В городе начался самый настоящий голод. Стали умирать десятками, сотнями, тысячами. Умирали в первую очередь мужчины. Женщины в силу особенностей своего организма могли жить на самом голодном пайке. Ужас. Завернутых в простыни покойников везли на саночках. Умер наш сосед дядя Вася, хороший кровельщик.
В конце ноября умер папин приятель Александр Платонович Павлов. Даже сейчас не могу пережить его смерть.
Некоторых покойников выбрасывали прямо во двор.

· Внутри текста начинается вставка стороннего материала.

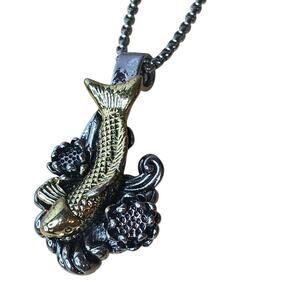 Fish Pendant Necklace Black Gold Tone Heavy Metal Chain 22” Nautical Ocean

Главное ко всему добавился нестерпимый холод. Можно с уверенностью сказать, что половина окон в городе оказалась без стекол.

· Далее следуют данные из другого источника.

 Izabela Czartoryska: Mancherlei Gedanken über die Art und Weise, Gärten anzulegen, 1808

На город обрушилось ещё одно несчастье – это пожары. Люди складывали щепки, бумагу рядом с буржуйками. Из буржуек выпадали угольки, искры и возникал пожар. Люди в полусознательном состоянии не могли гасить, тем более, что и нечем было тушить. И вот выгорали целиком дома. Угол Фонтанки и Чернышева (Ломоносова) возник пожар. И один библиофил стал выбрасывать уникальные книги во двор, где их расхватали на растопку.
Нельзя простить немцам за их ни с чем не сравнимое по своей жестокости преступление. Ужас, не могу вспоминать без кошмара. Сколько погибло людей. И каких людей.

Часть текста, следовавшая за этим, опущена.